Written by Sheryl Nonnenberg
San Jose Metro, April 2016
The adage "everything old is new again" certainly applies when viewing the current exhibition at the San Jose Museum of Quilts & Textiles. "Blanket Statements" is a color-saturated display of both historical quilts from the 18th and 19th centuries and the recent work of contemporary fabric designer Kaffe Fassett.
On view until July 3, the 20 new quilts and 15 vintage quilts present a wide range of technique and subject matter – a sort of visual history of this old and venerable medium.
The exhibition was created by the York Quilt Museum and Gallery in England and has been presented at two other venues in the United States. Items from the York Museum's Heritage Collection include silk coverlets from the early 1700s and hand block-printed cottons from the early 1800s. Kaffee Fassett, who was born and raised in California but has lived in England since 1964, is highly regarded in the world of textiles as a quilter, knitter, rug-maker and mosaic artist.
Museum curator Nancy Bavor explained that she learned of the exhibition while attending a lecture given by Fassett in Pacific Grove two years ago.

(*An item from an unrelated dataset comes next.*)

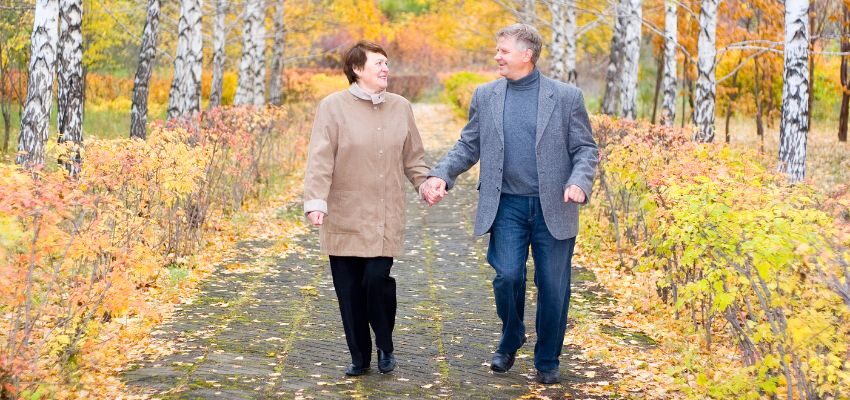 The aged couple happily walks together to stay healthy.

"I have long admired Kaffe's work – knitting, needlepoint, fabric design – and thought his work and this exhibit would appeal to our visitors," she says.

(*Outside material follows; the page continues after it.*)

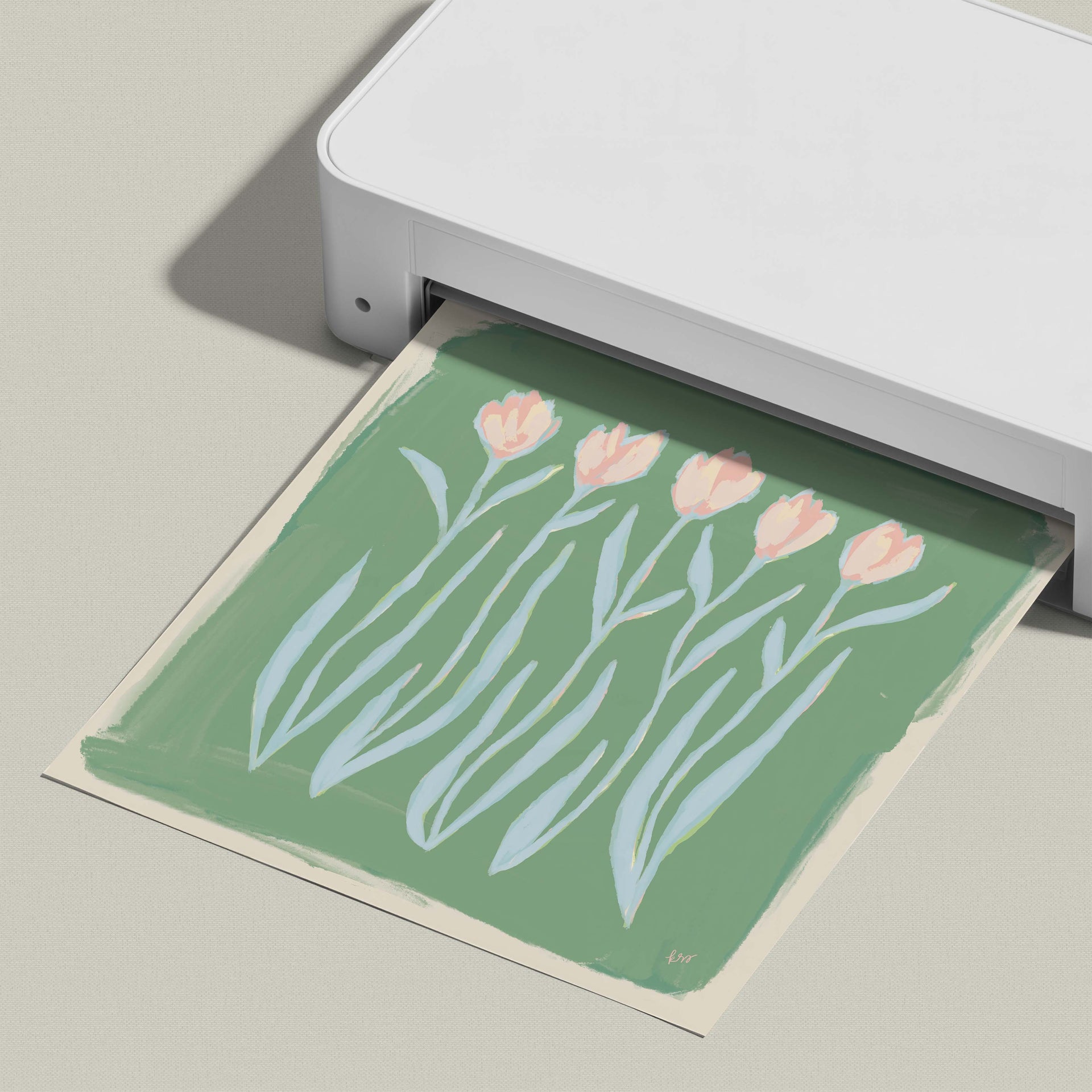A white printer is printing a green paper with a floral design of pink flowers.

The show pairs an old quilt with one or two of Fassett's quilts, all of them created in response to the vintage piece. A quick look around the room reveals that the historical quilts are much more somber and subdued in color palette. This is largely due to the quality of dyes available at the time. What they lack in color, however, is more than compensated for in the incredibly intricate techniques they display.
One standout is a wonderfully detailed appliqued quilt from around 1860, entitled the "Red Manor House Quilt." Relying on a basic layout of a large central square (depicting the manor house) surrounded by outlying rows of squares that feature flowers, geese, horses and pinwheels, it is a delightful representation of a 19th-century household. And because of the uncommon treatment, appliqué, the piece is not only beautiful but rare.
In response, Fassett has created a quilt with a similar square design, but with eye-popping colors that almost require sunglasses to take in. "He has kept the format and the basic layout, but when executed in his brilliant fabrics, the quilt just glows," Bavor says. "Really, it glows!"
According to one biographer, Fassett is known as a guru in the world of color and textiles. Lore has it that he was first influenced by his mother, a frustrated artist who delighted in wearing marvelous patterns. After settling in Europe, he was introduced to knitting by a fellow traveler on a train. He took up the hobby and then discovered needlepoint. Soon, he was designing hand-painted fabric that took the textile world by storm. A deep love of color and pattern, influenced by travels to Asia, became his trademark.
"Color is the reason I make stuff, so that I can play with color, " he is quoted saying in an interview with Making Magazine. "It is the first and foremost consideration."
His response to Church Window (1825-75) – a quilt with small, busy prints all arranged in a hexagon – is to combine hexagons with small squares of polka dots, stripes and abstract flower shapes. Fassett, who was the first living artist to have a one-man show at the Victoria and Albert Museum in 1988, works with several textile manufacturers to create a range of fabric prints for the patchwork market. Although he began quilting just 15 years ago, he has achieved a worldwide reputation thanks to his innovative and distinctive designs. He travels the globe in order to gain new ideas and perspectives on color and pattern, which then find their way into his designs and books.
The museum has also devoted a room to some of Fassett's work in other media, like paintings and drawings. "Having the additional art works shows the breadth and depth of his artistry during a career spanning over fifty years," Bavor says.
The quilt makers of old joined together to pass the time, while creating functional objects that were aesthetically pleasing. Fassett has taken that collaborative spirit and, with his spectacular color and design sense, created objects of art that are a joy to behold.